Time and time again, contractors and purchasers of property impacted by a loss have come to me complaining that insurance carriers won’t honor an assignment of an insurance claim. Generally, the reason given by the insurance carrier is language in the policy known as the anti-transfer clause, which usually reads something like this: “Your rights and duties under this policy may not be transferred without our written consent except in the case of death of an individual named insured.” Other policies are even clearer and state, “Assignment of this policy will not be valid unless we give our written consent.”
According to several Tennessee court decisions, there is a difference between pre-loss assignments (which are typically not allowed) and post-loss assignments (which are allowed).

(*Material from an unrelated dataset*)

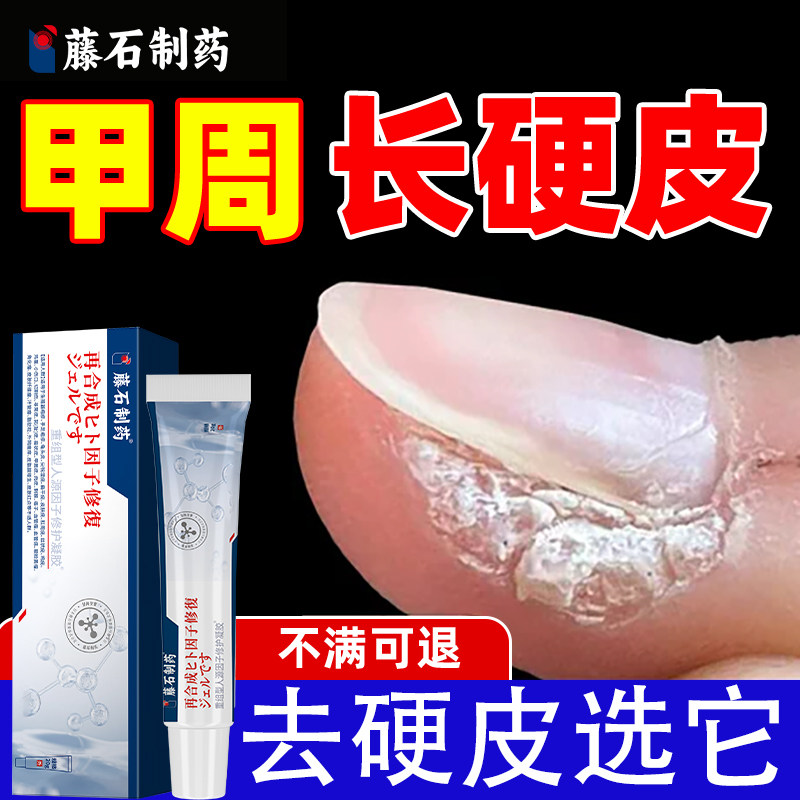 软化甲周围长硬皮膏去手指甲边缘老茧死皮角质层增厚软化剂WT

The reason for this is quite easy to understand, and perhaps best demonstrated by an example. Consider an insurance company that insures a house for $250,000 to a couple with perfect credit, no loss history, no criminal background, 2 angel kids, and a well behaved dog that’s never bitten anyone. The insurance company feels good about its risk-reward analysis in underwriting the property. Now consider that same scenario, but add the fact that the young couple in living in Pleasantville assigned its insurance policy to a convicted felon who has a history of insurance fraud, arson, drug use and sales, and managing dog-fighting competitions. Then, after the assignment, the perfect house burns under suspicious circumstances and the assignee (the felon) makes a claim. Under those facts, the insurance company would justifiably want to contest coverage for this person they knew nothing about prior to the loss. Under those facts, the pre-loss assignment would not be valid and the law would not help you.

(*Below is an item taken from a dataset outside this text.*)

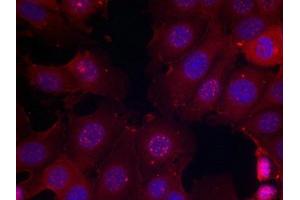 Immunofluorescence staining of methanol-fixed MCF cells using Estrogen Receptor-a(Phospho-Ser167) Antibody.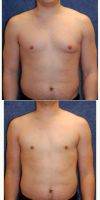 25 Year Old Man Treated With Male Breast Reduction With Dr James A. Hoffman, MD, Saint Paul Plastic Surgeon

In contrast, if that same young couple living in Pleasantville assigned their claim to the same ne’er-do-well after the fire loss, then the assignment would be valid and enforceable. Why the difference? Quite simply, the assignment of the policy benefits of a claim after a loss occurs results in no increased risk to the insurance company. The loss has already occurred, and an insured has a right to assign the claim if he or she so chooses.

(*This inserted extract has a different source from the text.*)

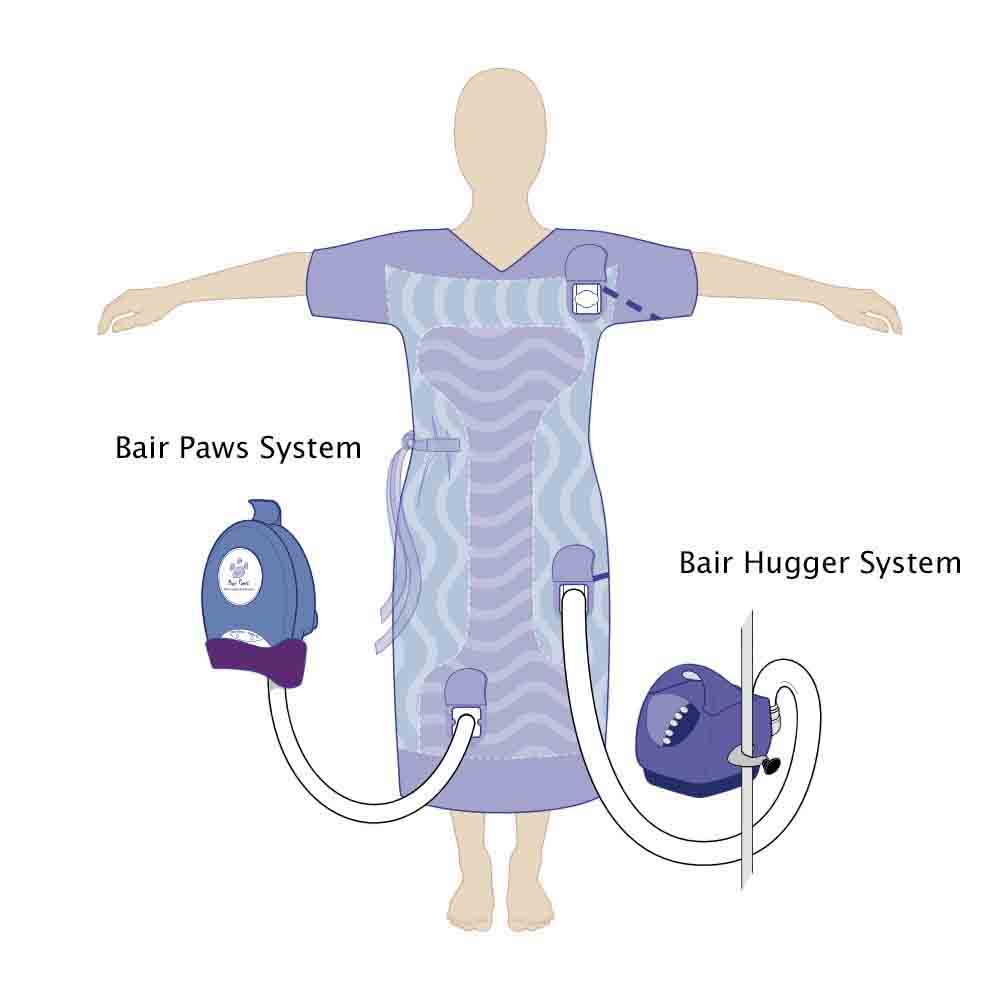 3M Bair Paws Plus Patient Warming Gown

The real distinction is that the law allows the assignment of policy proceeds, as opposed to the insurance policy itself. Here’s a quote from one Tennessee case on the topic:
We believe it is fairly well-settled that in Tennessee, an insured may assign an insurance policy after a loss has occurred, despite an anti-assignment clause purportedly prohibiting assignments without the consent of the insurer. Zaharias v. Vassis, 789 S.W.2d 906, 910 (Tenn. Ct. App. 1989); Ford v. Robertson, 739 S.W.2d 3, 5 (Tenn. Ct. App. 1987); Metro. Life Ins. Co. v. Brown, 25 Tenn. App. 514, 160 S.W.2d 434, 437-38 (Tenn. Ct. App. 1941). However, the assignee of the policy “stands in the shoes” of the assignor and receives nothing more than what the assignor held. See Zaharias, 789 S.W.2d at 910-11.
Manley v. Auto Ins. Co., 169 S.W.3d 207, 214 (Tenn. Ct. App. 2005). So the next time an insurance adjuster tells you your post-loss assignment of claim isn’t valid, send them a copy of this blog post and see if that helps. The law is well-settled and isn’t really even open to much debate as this is the majority rule around the country.